28 março 2012

FATOR PREVIDENCIÁRIO PODE SER EXTINTO NA BASE DO 'SUSTO'

Apesar do alto índice de aprovação do seu governo, Dilma Rousseff tem sido alvo de reclamações de diversos setores da sociedade organizada, boa parte profundamente identificados com o PT. 
Funcionalismo público, aposentados, ambientalistas, e entidades ligadas aos direitos humanos e às questões de gênero e sexualidade criticam, embora reservadamente, o mandato da presidenta. 
Agora, essas críticas poderão se tornar mais um ingrediente na massa da crise da presidente Dilma com sua base de sustentação. 
Parlamentares ligados ao funcionalismo planejam aproveitar o clima geral de insatisfação no Congresso para dar um troco no Executivo.
No caso dos funcionários públicos, as queixas referem-se à forma adotado pelo governo para fazer valer sua proposta de criação da Fundação de Previdência do Servidor Público (Funpresp). 

A proposta acaba com a aposentadoria integral à qual os servidores hoje têm direito. 

Eles passariam a se aposentar com valores equivalentes aos dos trabalhadores da iniciativa privada. Para terem alguma complementação, teriam de passar a contribuir para um fundo de previdência a ser administrado pela Funpresp, a fundação que será criada com a medida. 

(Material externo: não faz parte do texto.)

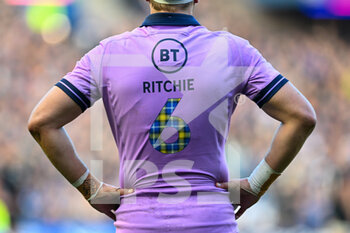 13/11/2022 - The Scotland squad numbers in the Doddie Weir Tartan during the 2022 Autumn Nations Series, rugby union test match between Scotland and New Zealand on November 13, 2022 at the BT Murrayfield Stadium in Edinburgh, Scotland - RUGBY - TEST MATCH - SCOTLAND V NEW ZEALAND - AUTUMN NATIONS SERIES - RUGBY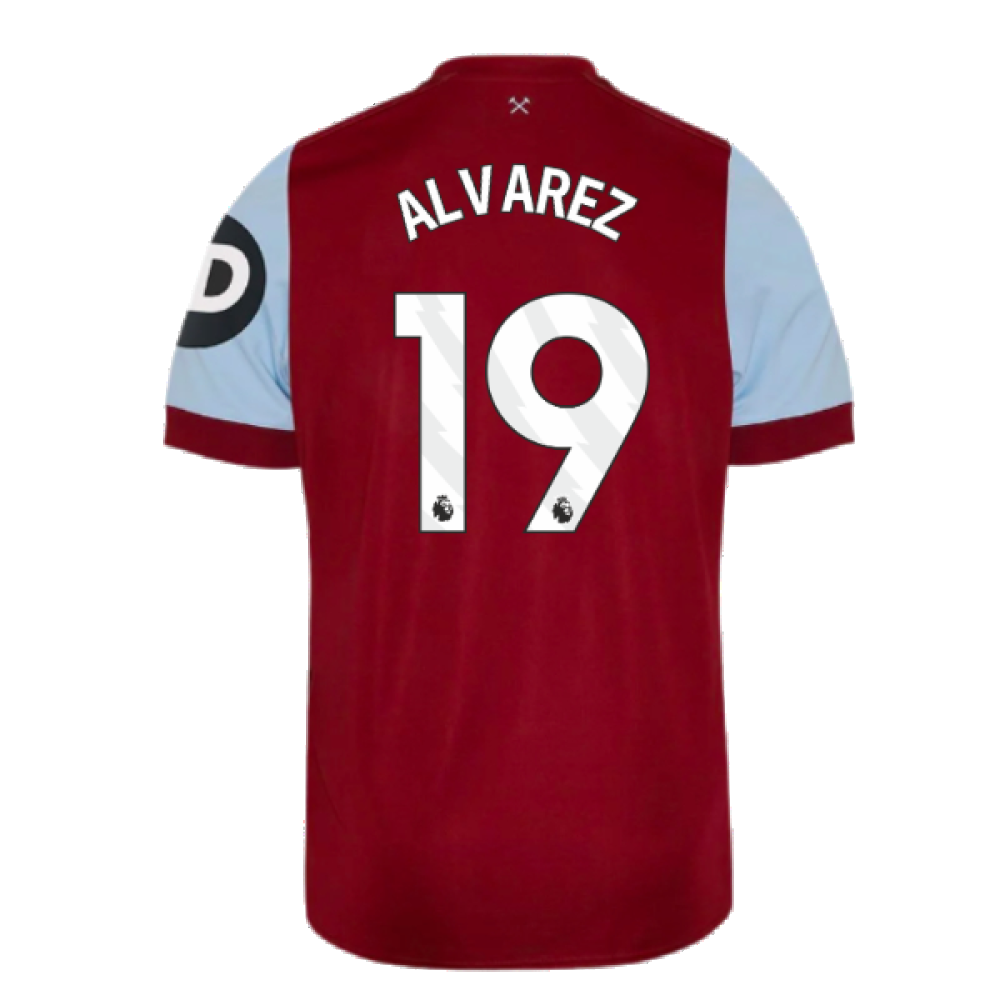 2023-2024 West Ham Home Shirt (Kids) (ALVAREZ 19)
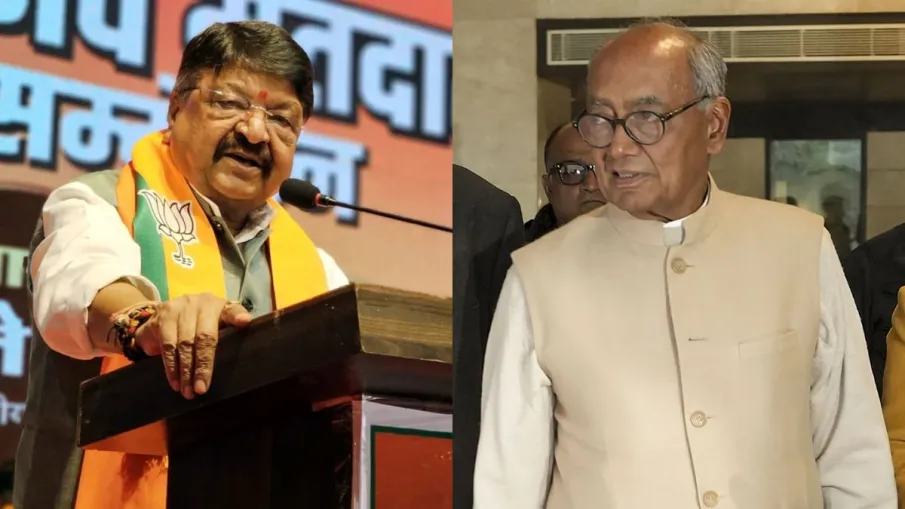 Kailash Vijayvargiya, Digvijaya Singh, Madhya Pradesh- India TV Hindi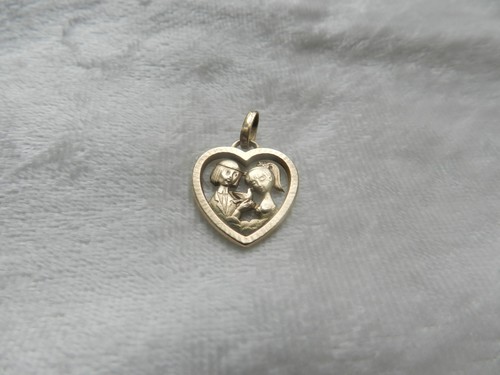 Ancien pendentif les amoureux - les,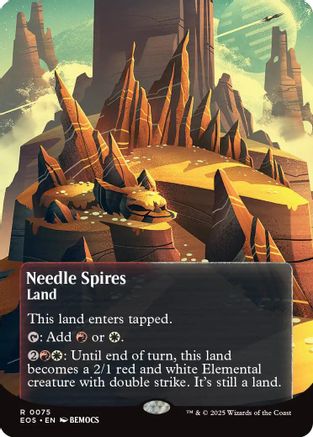 Needle Spires (0075) (Borderless) (EOE-075) - Edge of Eternities Foil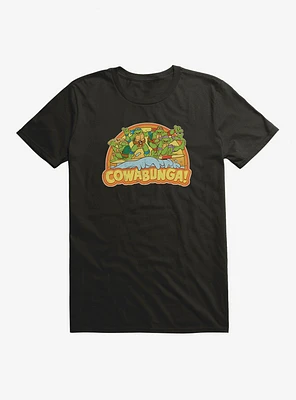 Teenage Mutant Ninja Turtles Cowabunga Group Surf T-Shirt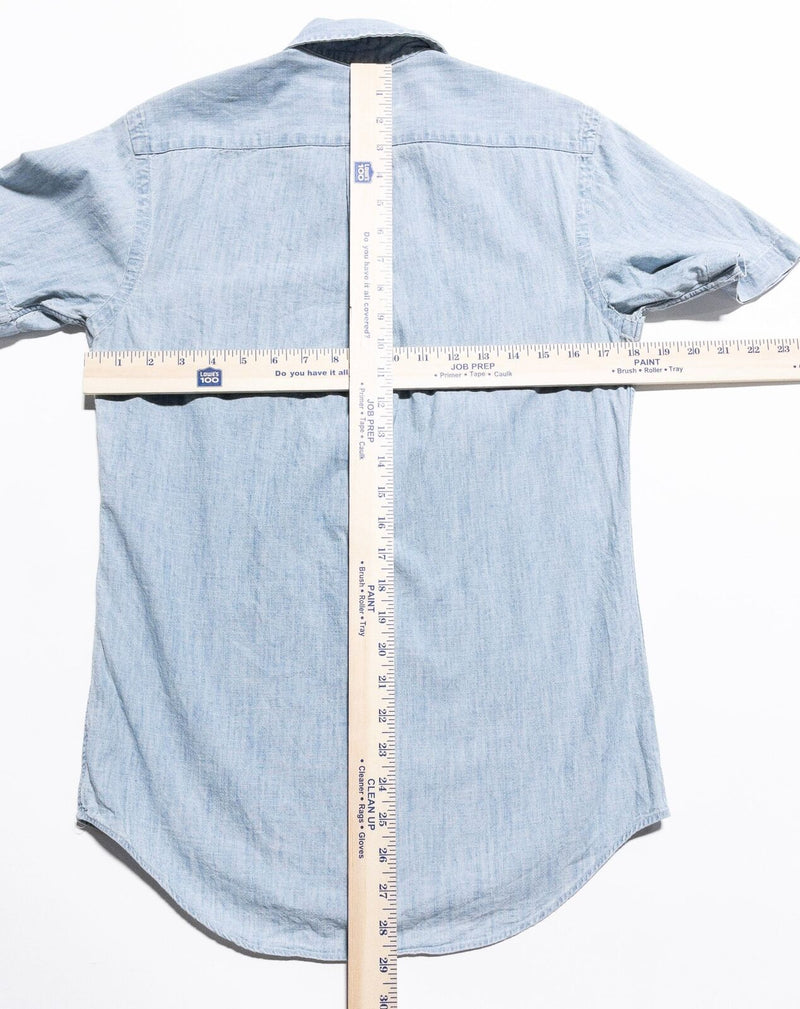 Polo Ralph Lauren Chambray Shirt Men's XS Button-Down Indigo Blue Denim Style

O troco imaginado é a extinção do fator previdenciário, regra que calcula o valor final das aposentadorias no Regime Geral da Previdência. 

O fator previdenciário estabelece regras que fazem com que o trabalhador se veja obrigado a trabalhar por mais tempo para conseguir obter um valor maior na sua aposentadoria. 

O projeto que propõe o fim do fator previdenciário, de autoria do senador Paulo Paim (PT-RS) tramita na Câmara. 

Em reunião realizada ontem (27) à tarde com o presidente em exercício da República, Marco Maia (PT-RS), acertou-se colocar o projeto na pauta de votação. 

Ainda falta definir a data, mas deputados esperam que isso aconteça o mais rápido possível.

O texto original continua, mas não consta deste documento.